Sounds a "heart in mouth" moment on a late night finish


----------



## Clark @ PB (Mar 1, 2006)

Epoch said:


> Sounds a "heart in mouth" moment on a late night finish


I'm glad we have that dyno-tile flooring, otherwise i'm not so sure it would have bounced...:lol:


----------



## Epoch (Jul 30, 2006)

Clark said:


> I'm glad we have that dyno-tile flooring, otherwise i'm not so sure it would have bounced...:lol:


Butter fingers :lol:


----------



## Clark @ PB (Mar 1, 2006)

Epoch said:


> Butter fingers :lol:


Vintage fingers, that was the problem!


----------



## nortonski (Jul 10, 2007)

Detail Ecosse said:


> You will love it mate, i couldnt stop looking at my pot when i first bought it, just dont tell the missus thats all.
> 
> Gav


Well I came clean in the end...lol of course it's to make her car look good :thumb:

Not sure she'll be too happy if I upgrade to Royale sometime in the future though...lol


----------



## nortonski (Jul 10, 2007)

Epoch said:


> Part of the purchase that feeling, no value on it just a nice feeling
> 
> I take it you will have one of the swanky new solid silver serial number plates embedded in the perspex?

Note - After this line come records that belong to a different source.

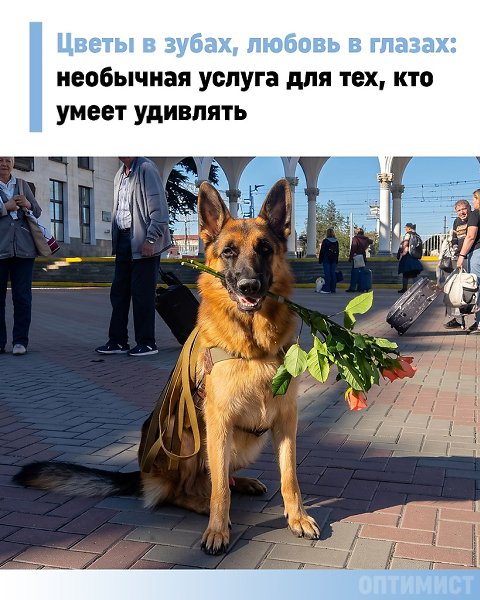 ����� ����� ��� �� ��������: ���������� �������. � ���� ����� ������, ������� ������ ���, ����� � ...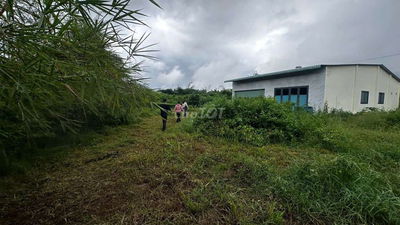 Cho thuê đất🍒 làm kho bãi🍒Tân An Hội Củ Chi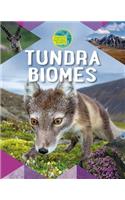 Tundra Biomes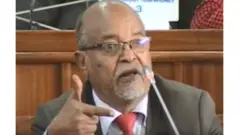 ዶክተር ኣድሃና ሃይለ ኣድሃና
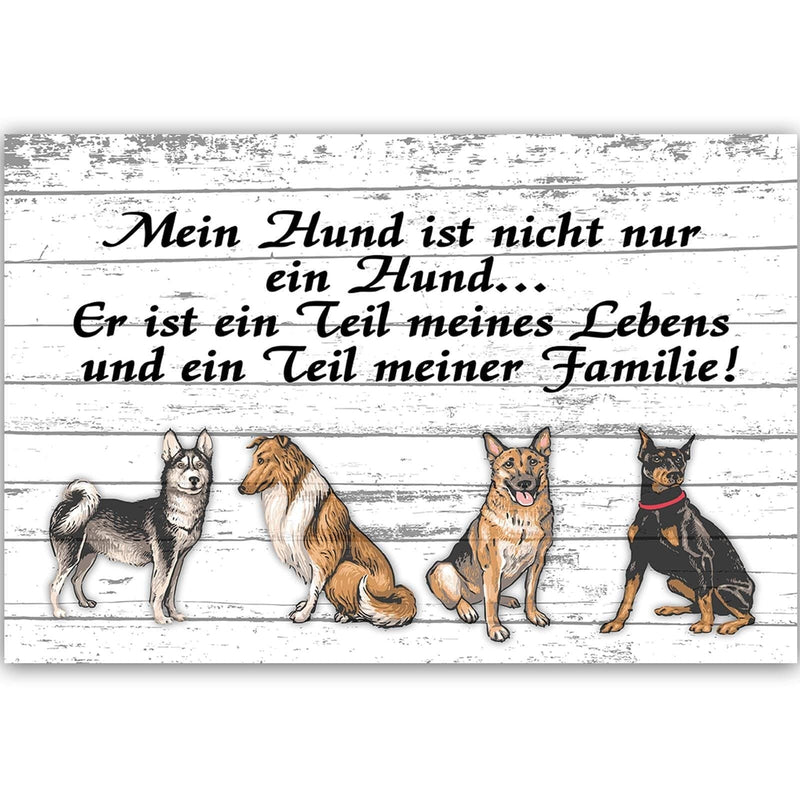 Dekoratīvais panelis - Quote Four Dogs  Home Trends Deco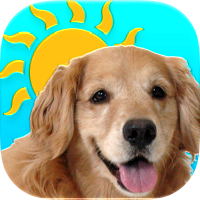 Sundoggy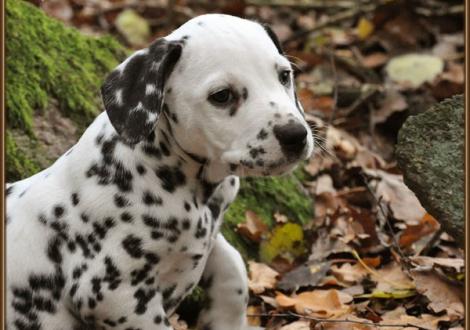 Ribbeck Ole vom Teutoburger Wald (weiss/schwarz, zuchtausschließender Fehler: Birkauge, beidseitig hörend) vermittelt an Familie Niemuth in 38239 Salzgitter, Deutschland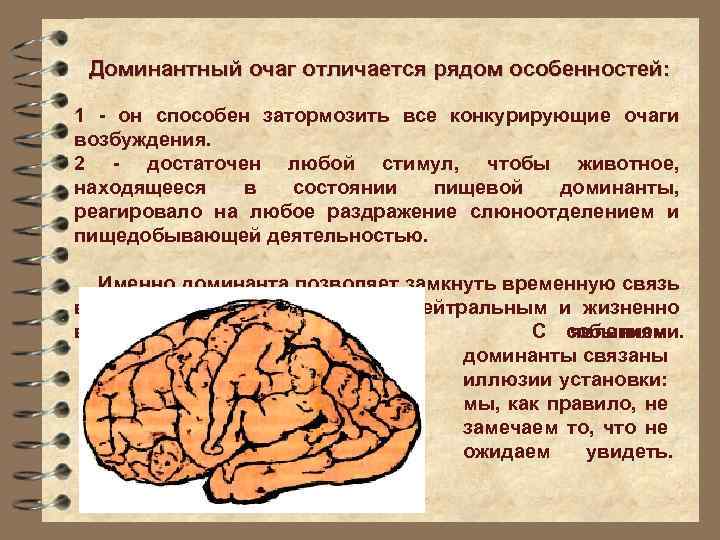 Доминантный очаг отличается рядом особенностей: 1 - он способен затормозить все конкурирующие очаги возбуждения.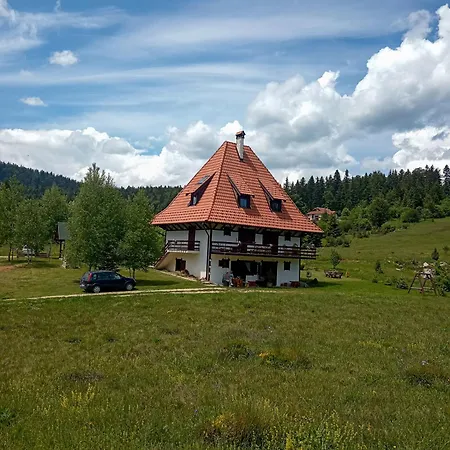 Zeleni Meda * Митровац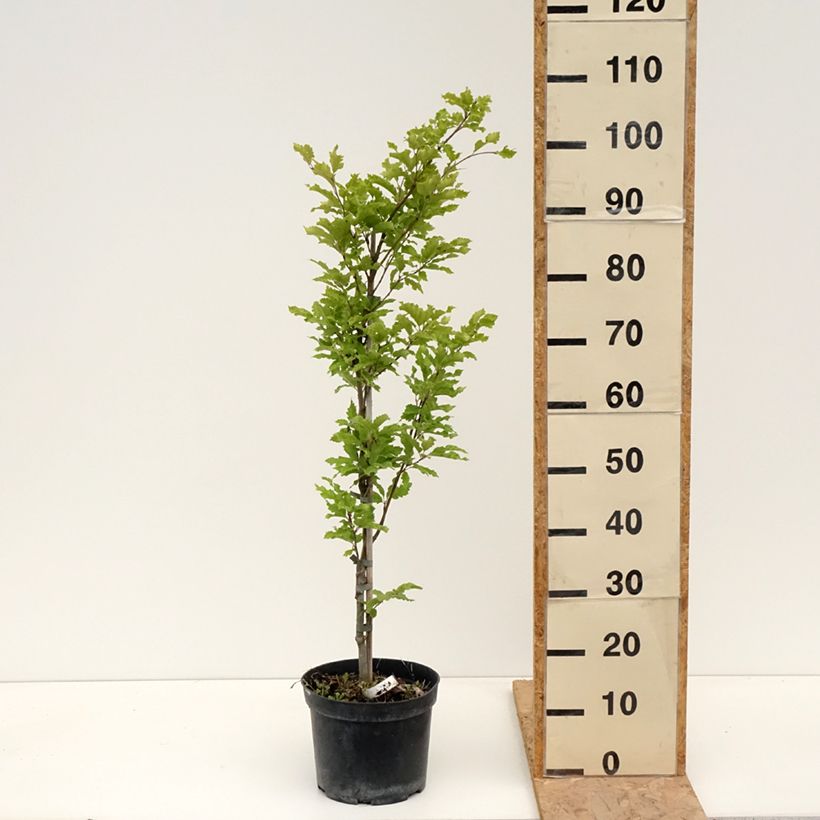 Haya común Interrupta - Fagus sylvatica Maceta 4L/5LAltura de entrega aprox. 60/80cm Ejemplar entregado en la primavera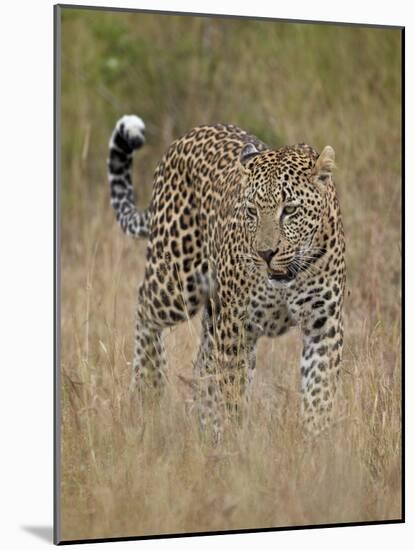 Leopard (Panthera Pardus) Walking Through Dry Grass-James Hager-Mounted Photographic Print
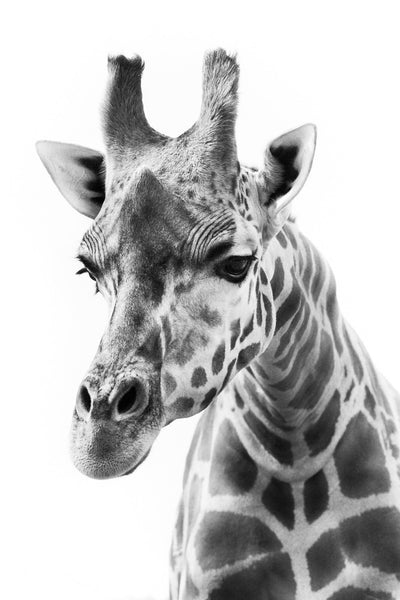 Giraffe, 2013. Print by Greg Henderson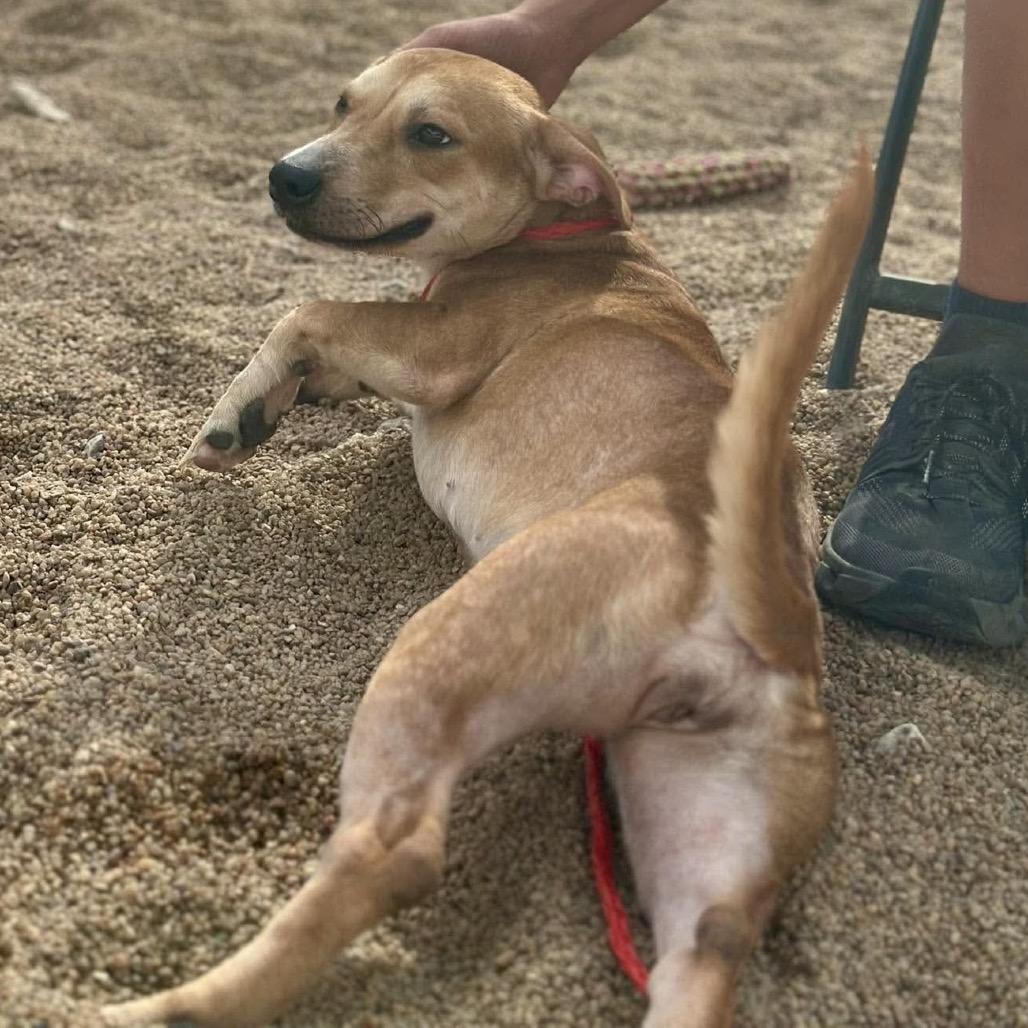 Enlarge Clover, a Adoptable mixed breed in Sand Springs, OK image 1/4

Indeedy, I'll post a piccie tomorrow, didnt know they were solid silver! Also has a Zym01 badge/button in the perspex, looks good how they've done it


----------



## amiller (Jan 1, 2009)

Awesome. Get some pictures up for us plebs!


----------



## nortonski (Jul 10, 2007)

Clark said:


> I'm glad we have that dyno-tile flooring, otherwise i'm not so sure it would have bounced...:lol:


Do you folks not decant it? Jeez I wouldnt care to lug the beast around...


----------



## Epoch (Jul 30, 2006)

nortonski said:


> Indeedy, I'll post a piccie tomorrow, didnt know they were solid silver! Also has a Zym01 badge/button in the perspex, looks good how they've done it


I was tolf by the big Z they are solid silver plates in the plastic, but i guess you can never really check without destroying the pot (or lending it to Clark lol)


----------



## nortonski (Jul 10, 2007)

Epoch said:


> I was tolf by the big Z they are solid silver plates in the plastic, but i guess you can never really check without destroying the pot (or lending it to Clark lol)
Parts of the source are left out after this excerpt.